Crawled caption data
-*-*-

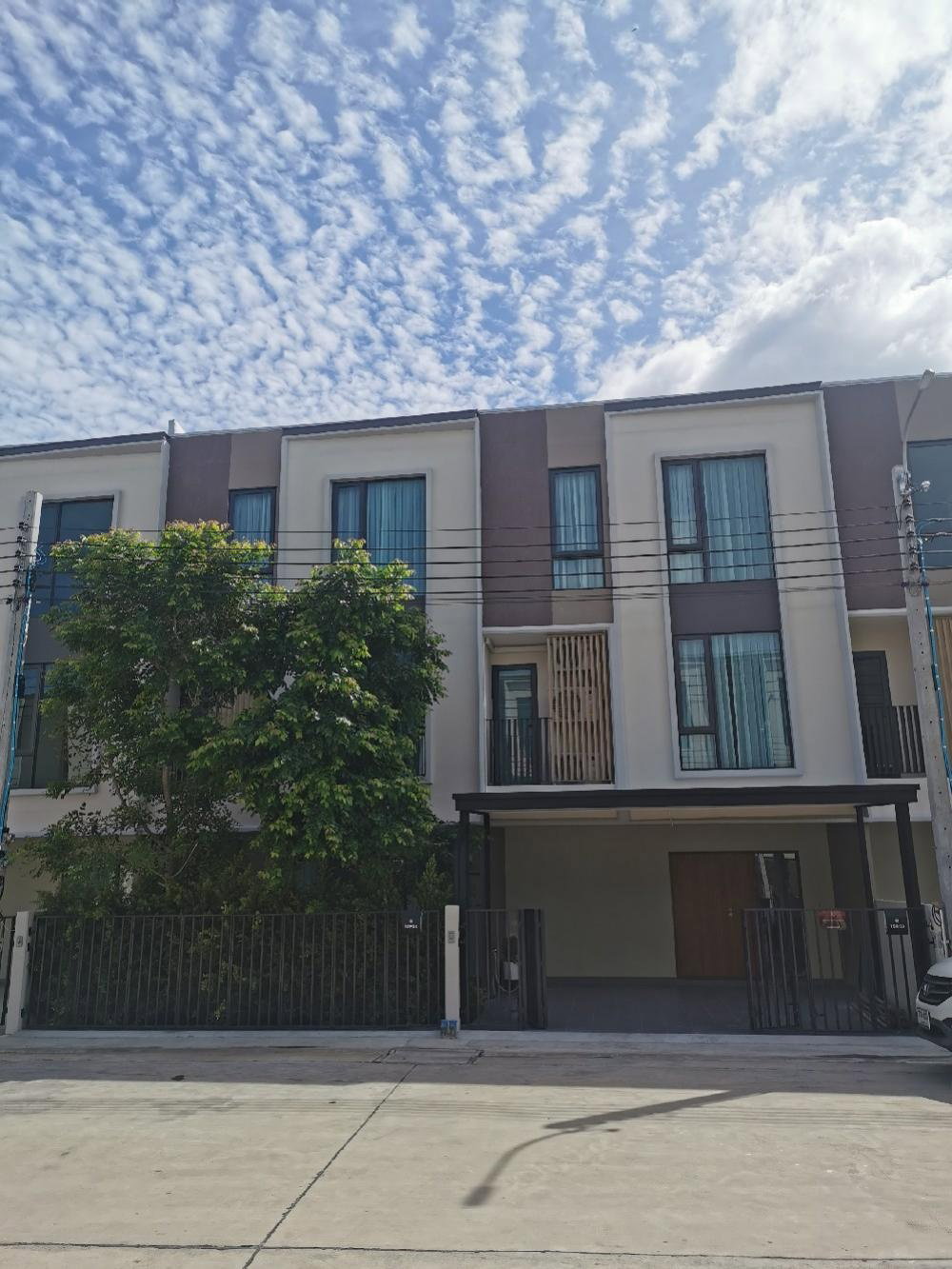 🏡 For Rent: 3-Storey Townhome at KRAF Bangna by Altitude Spacious, modern home with private garden and parking for 4 cars.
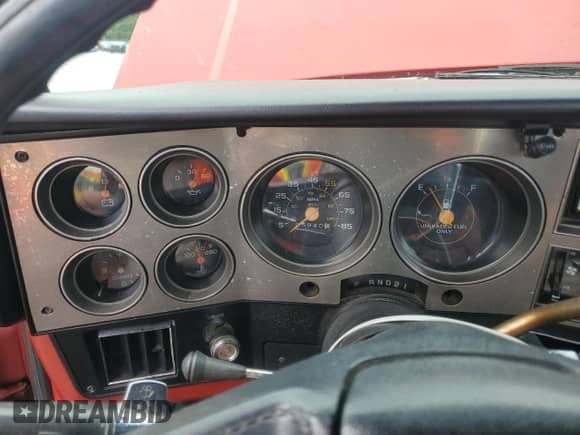 1986 Chevrolet Silverado 1500 с VIN 1GCDC14H1GF410960, выставлен на аукционе Copart как лот 68271265 с пробегом 5 940 миль миль и На запчасти • Non repairable. История ставок и продаж доступна на DreamBid. Изображение 9.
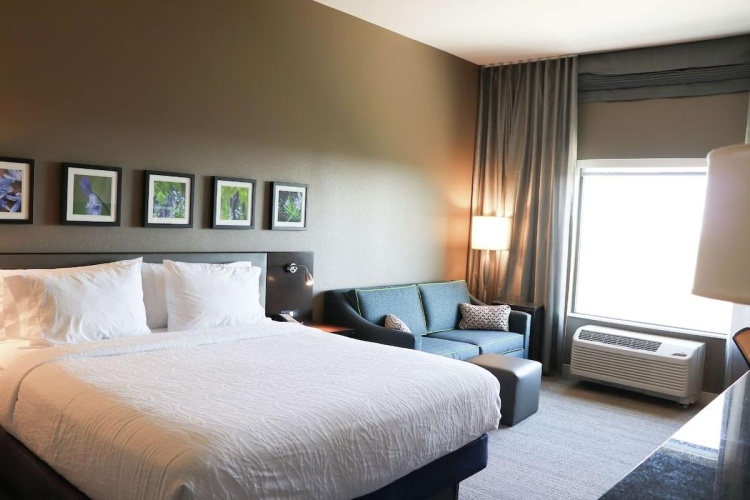 Deluxe with sofa bed Double room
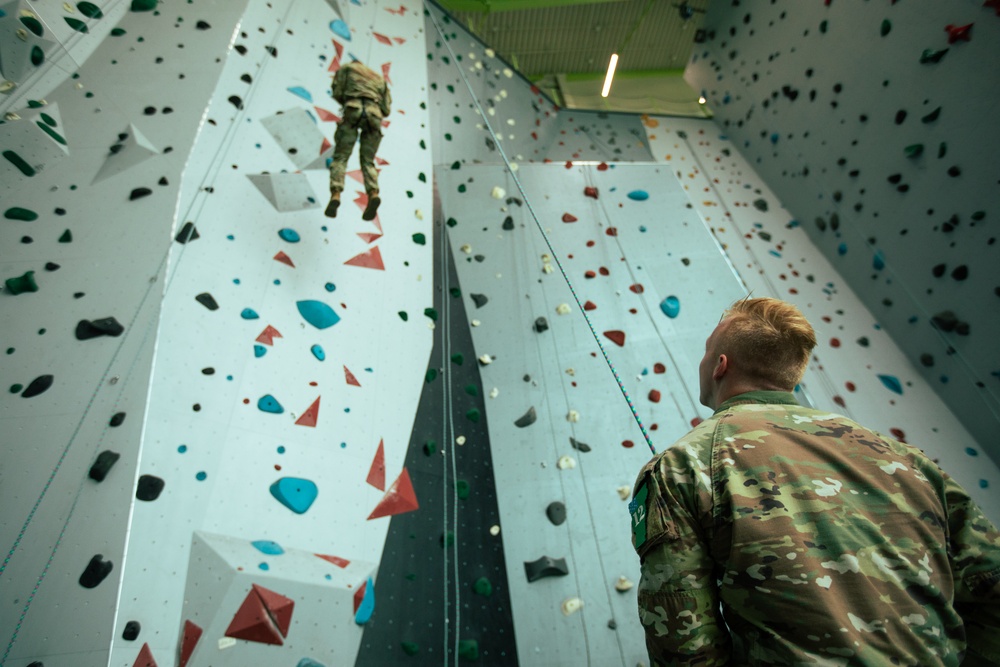 Oklahoma National Guard Soldier Competes in the National Best Warrior Competition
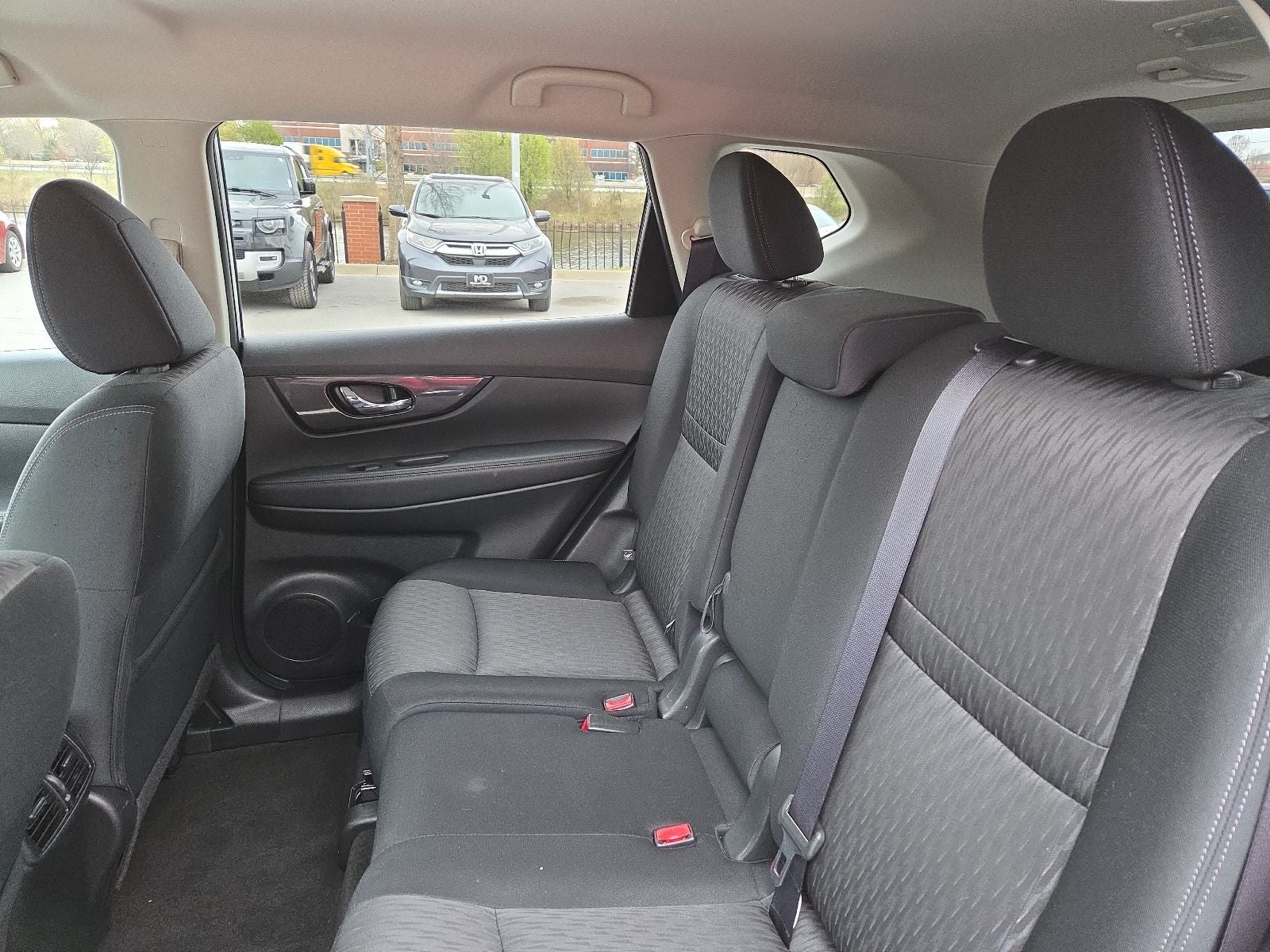 2017 Nissan Rogue SV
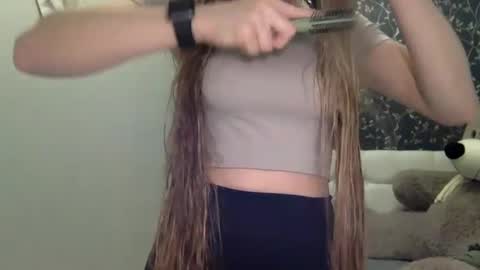 langoria online show from March 6, 2025, 11:03 am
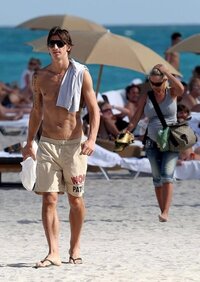 筋肉を付けたいです現在身長180 体重65kgの細身です理想 Yahoo 知恵袋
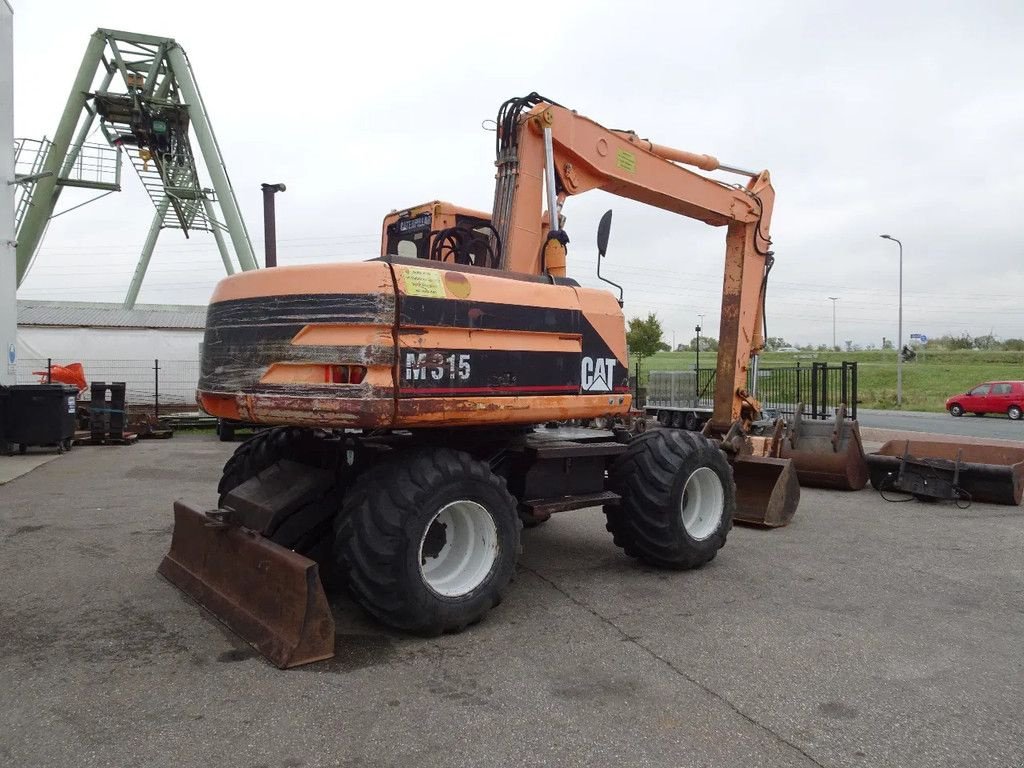 Mobilbagger des Typs Caterpillar M315, Gebrauchtmaschine in Zutphen (Bild 3)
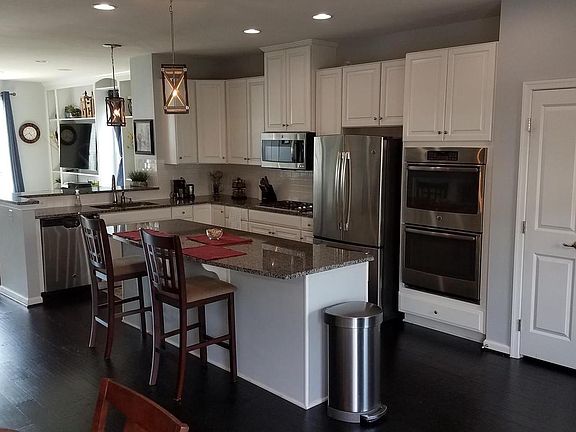 2nd image of 7759 Milton Cir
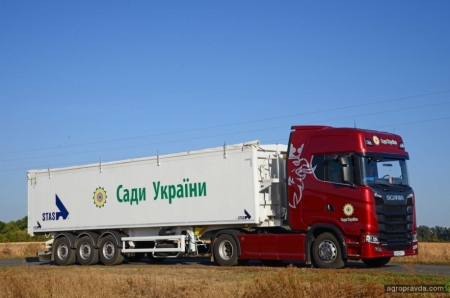 Scania впервые поставила модель V8 для аграрного сектора. Фото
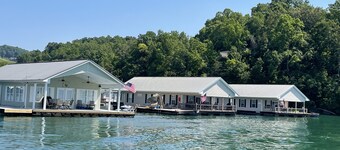 Floating Holiday #3 on Norris Lake at Springs Dock.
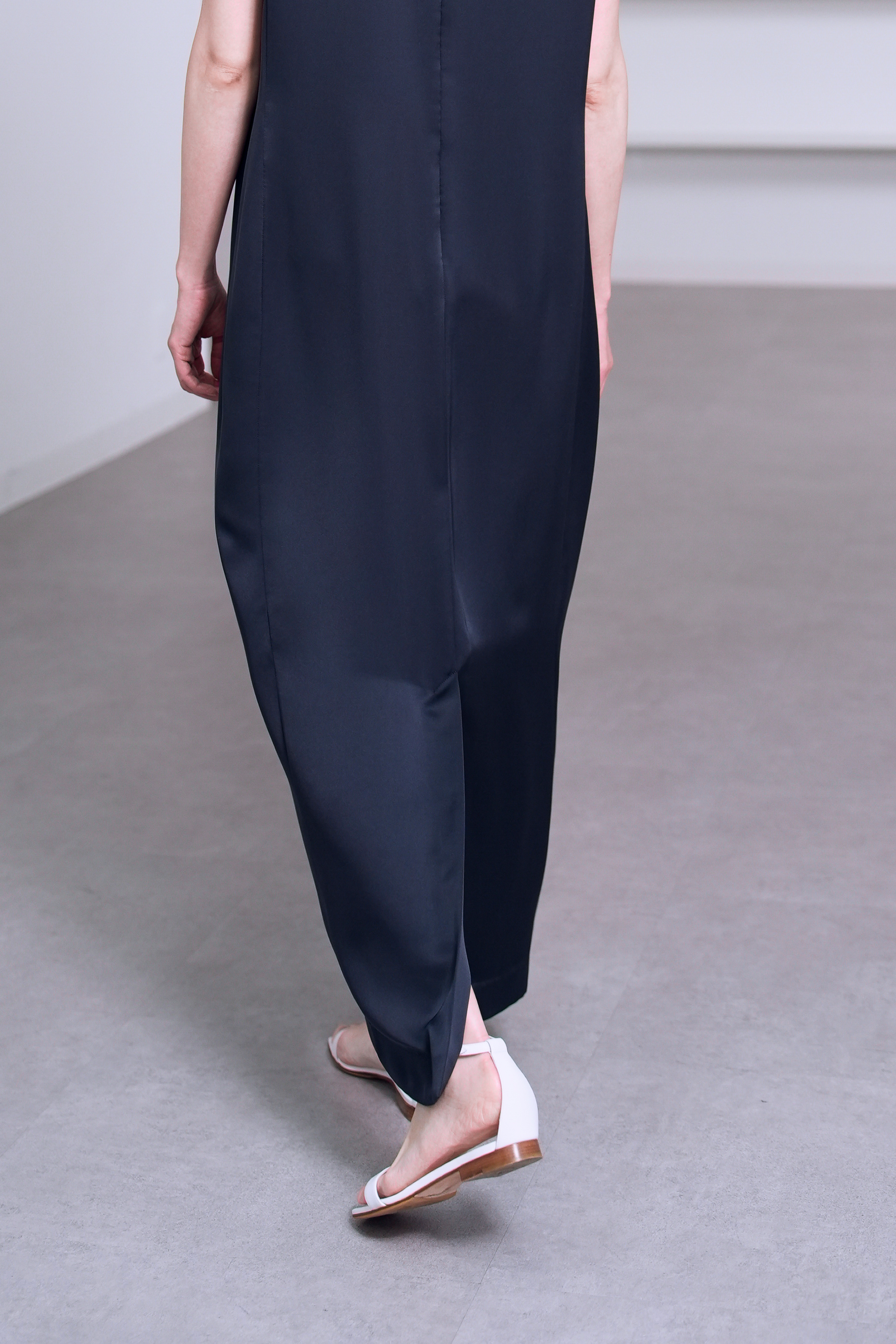 Manon Satin Navy の画像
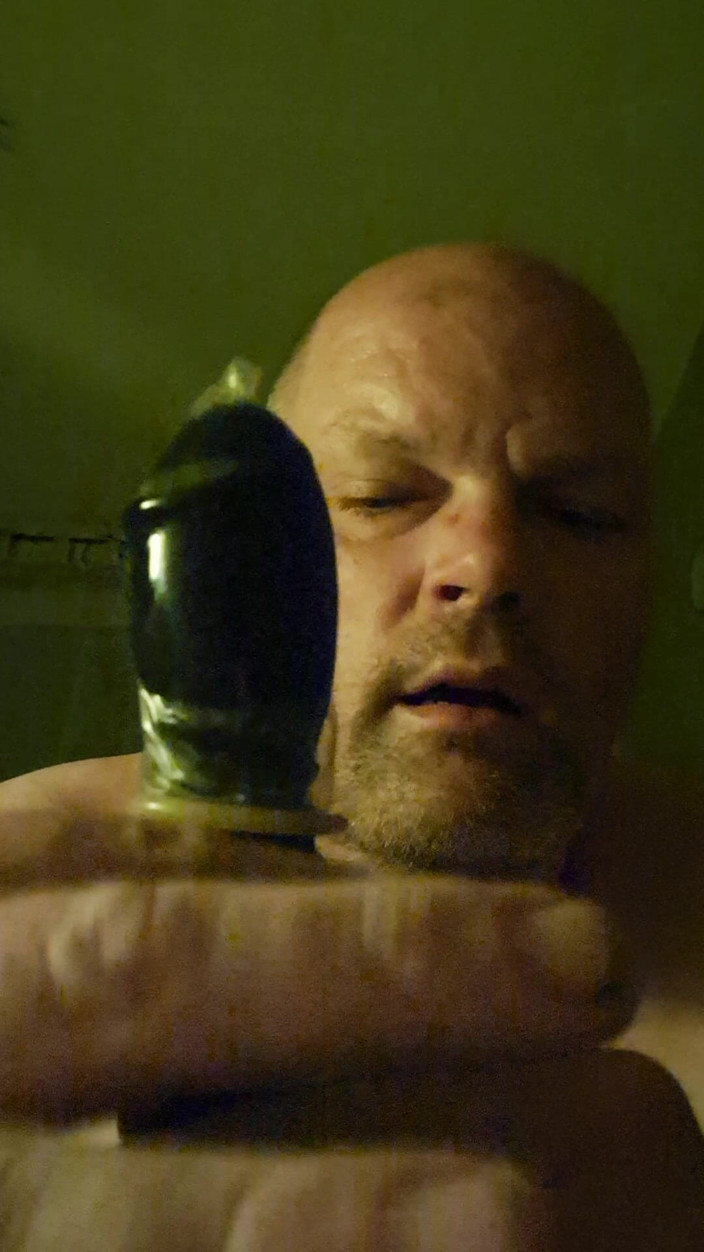 Fickspecht: Freshly Plugged the Slut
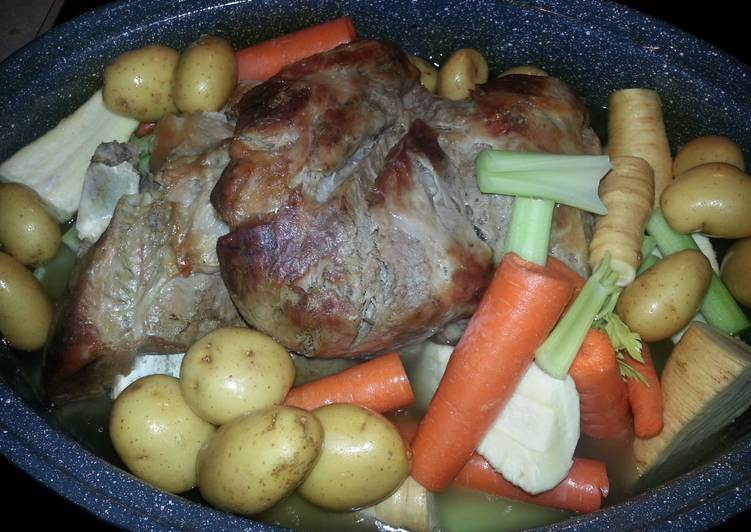 Recipe: Yummy Pork Roast with root veggies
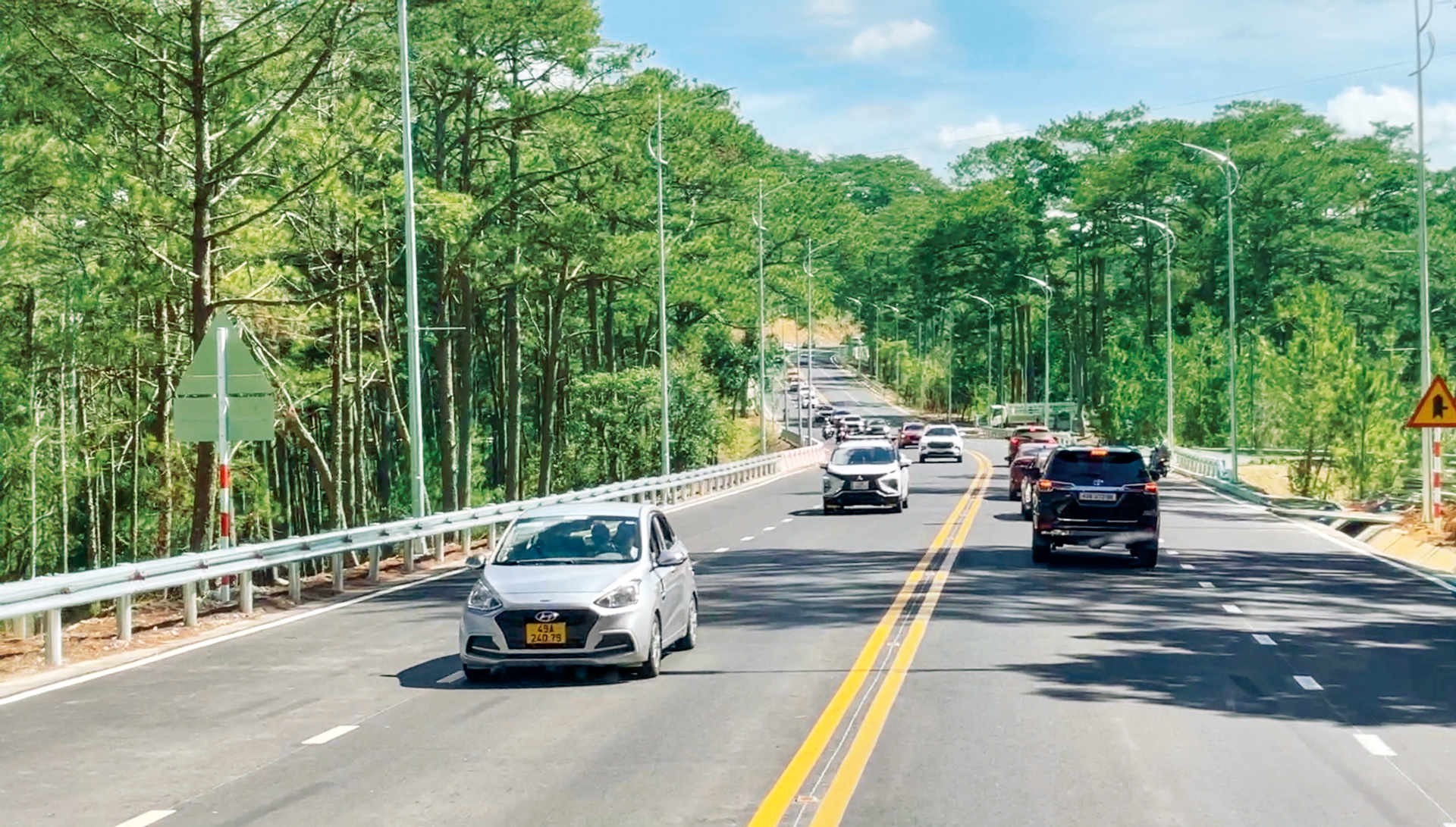 Theo Quy hoạch hệ thống du lịch thời kỳ 2021-2030, tầm nhìn đến năm 2045,  Lâm Đồng nằm trong định hướng phát triển và liên kết phát triển du lịch “Con đường xanh Tây Nguyên”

-*-*-

**What is required:** Retype the records above word for word, from their first line through the line containing "Fickspecht: Freshly Plugged the Slut", and leave out every picture.

**Solution to this exercise:**
 🏡 For Rent: 3-Storey Townhome at KRAF Bangna by Altitude Spacious, modern home with private garden and parking for 4 cars.
 1986 Chevrolet Silverado 1500 с VIN 1GCDC14H1GF410960, выставлен на аукционе Copart как лот 68271265 с пробегом 5 940 миль миль и На запчасти • Non repairable. История ставок и продаж доступна на DreamBid. Изображение 9.
 Deluxe with sofa bed Double room
 Oklahoma National Guard Soldier Competes in the National Best Warrior Competition
 2017 Nissan Rogue SV
 langoria online show from March 6, 2025, 11:03 am
 筋肉を付けたいです現在身長180 体重65kgの細身です理想 Yahoo 知恵袋
 Mobilbagger des Typs Caterpillar M315, Gebrauchtmaschine in Zutphen (Bild 3)
 2nd image of 7759 Milton Cir
 Scania впервые поставила модель V8 для аграрного сектора. Фото
 Floating Holiday #3 on Norris Lake at Springs Dock.
 Manon Satin Navy の画像
 Fickspecht: Freshly Plugged the Slut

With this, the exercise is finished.